**Exercise directions:** Copy each line of the data below exactly, leaving out pictures.

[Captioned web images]
((

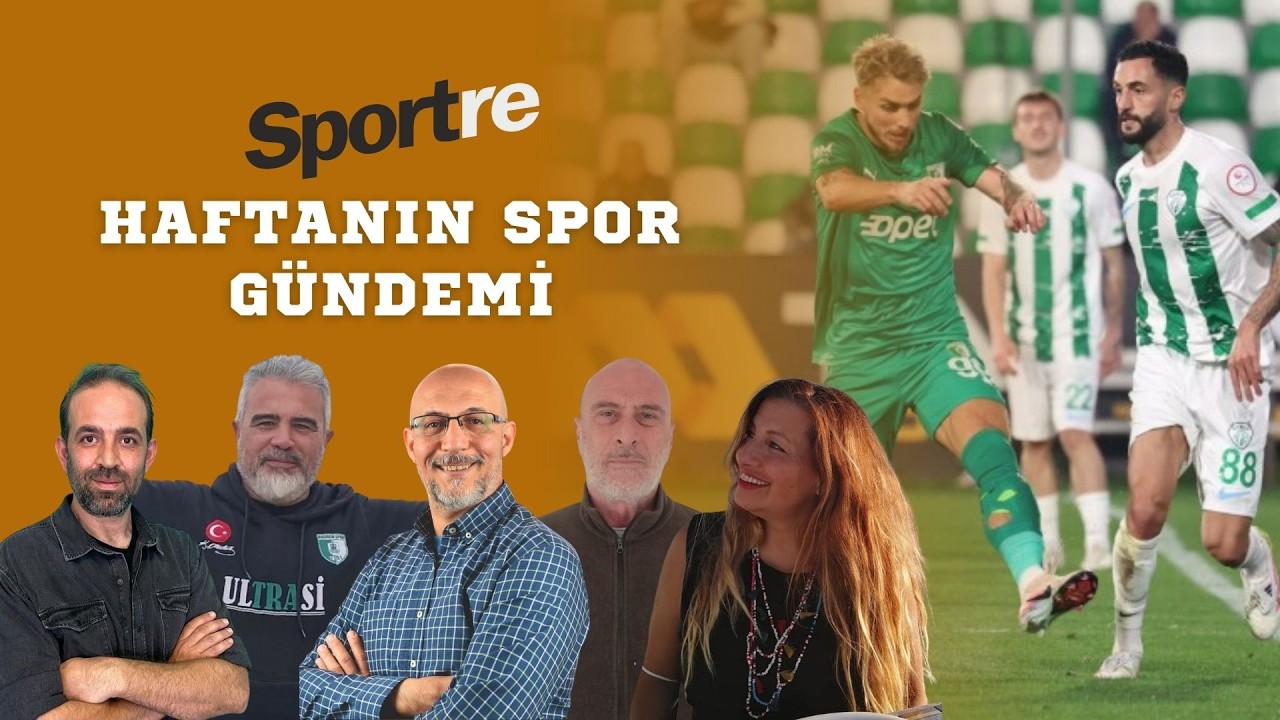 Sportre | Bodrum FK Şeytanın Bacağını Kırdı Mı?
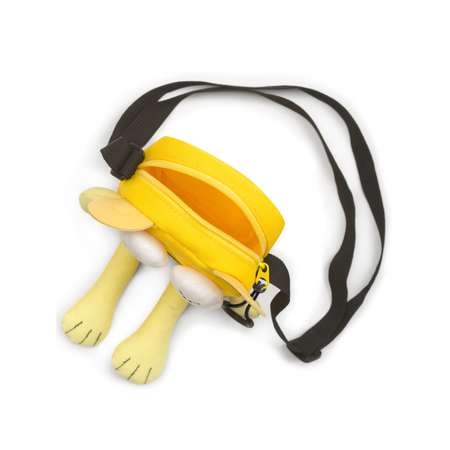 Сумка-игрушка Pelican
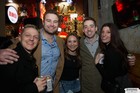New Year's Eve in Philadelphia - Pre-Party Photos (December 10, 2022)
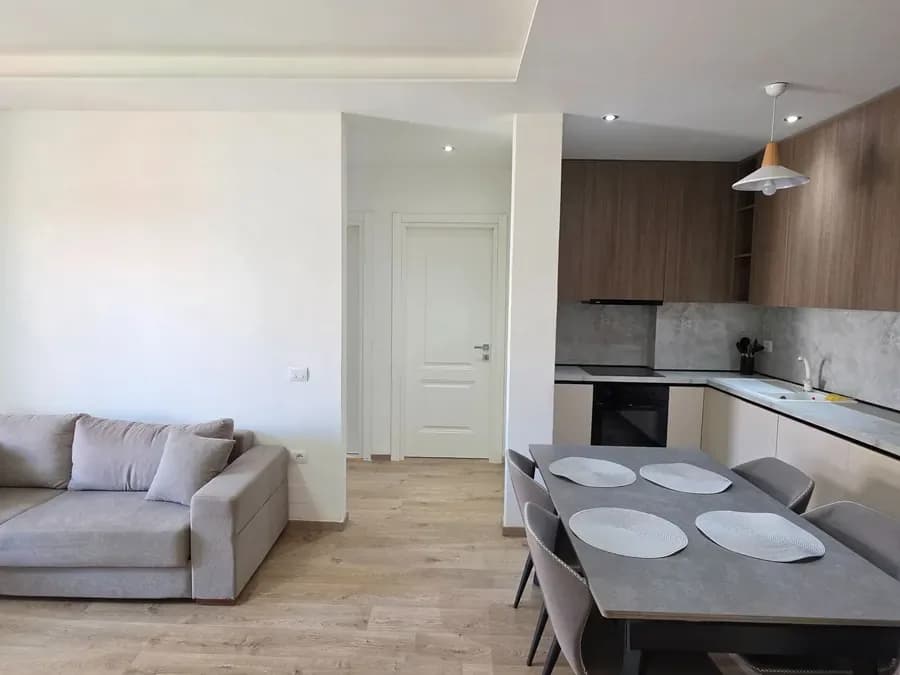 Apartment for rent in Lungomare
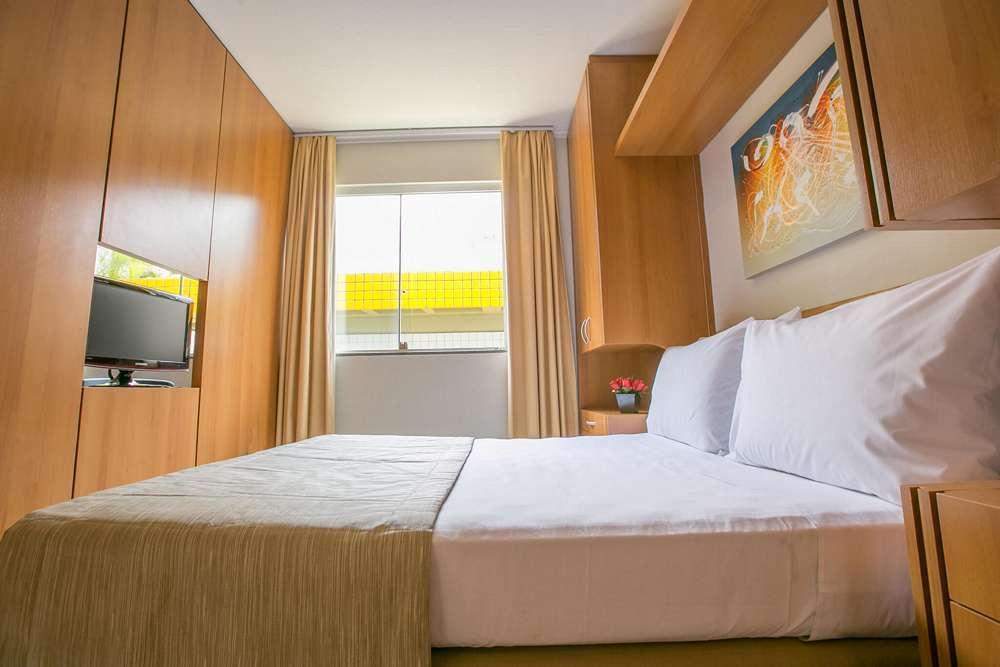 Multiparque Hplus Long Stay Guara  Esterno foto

))

**Solution to this task:**
 Sportre | Bodrum FK Şeytanın Bacağını Kırdı Mı?
 Сумка-игрушка Pelican
New Year's Eve in Philadelphia - Pre-Party Photos (December 10, 2022)
 Apartment for rent in Lungomare
 Multiparque Hplus Long Stay Guara  Esterno foto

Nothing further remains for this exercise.